Furthermore, Audi engineers believe efficiency advances of another 15 percent are possible before the end of the decade.
Stadler believes diesels could dominate Audi's range as far ahead as 2030, though he believes plug-in hybrids will play an increasingly important role. "Electrification is much more expensive than continuing to improve the combustion engine, so we believe the TDI will continue to have the biggest impact for quite a long time."
On performance diesels, Stadler acknowledges that Audi is working to ensure its diesels “deliver an RS feeling” as well as the expected high torque and good fuel economy.
He is coy about confirming the strong rumours of a diesel-powered R8 supercar, but points out that Audi is the one premium manufacturer that has continued to offer V8 diesel engines. "Why shouldn't we have high performance diesels,” he says, “if that’s what the customer wants?”

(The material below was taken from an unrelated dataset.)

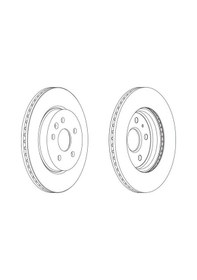 Resim FERODO DDF1805C FREN DİSKİ ARKA INSIGNIA 08- / 9-5 10- 17 JANT 18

Despite reports that Audi is concerned about strong Californian sales of the battery electric Tesla Model S — currently running ahead of Audi’s own sales volume in that area — Stadler insists Audi will stick with plug-in hybrids as its preferred electrification route, rather than chasing Tesla (“a new kid on the block”) into pure electric cars.
“We are thinking of the customer and their needs,” he insists. “They wants to be able to drive where they wants, without worrying about battery range, or whether new infrastructure is in place. In a plug-in, they can do that. In an efficient way.”
Stadler is especially bullish about UK sales progress, describing the local market as “a lighthouse in Western European sales”. Audi volume has doubled here in the past five years, reaching 142,000 units in 2013, well ahead of BMW and Mercedes, with another record in prospect for 2014.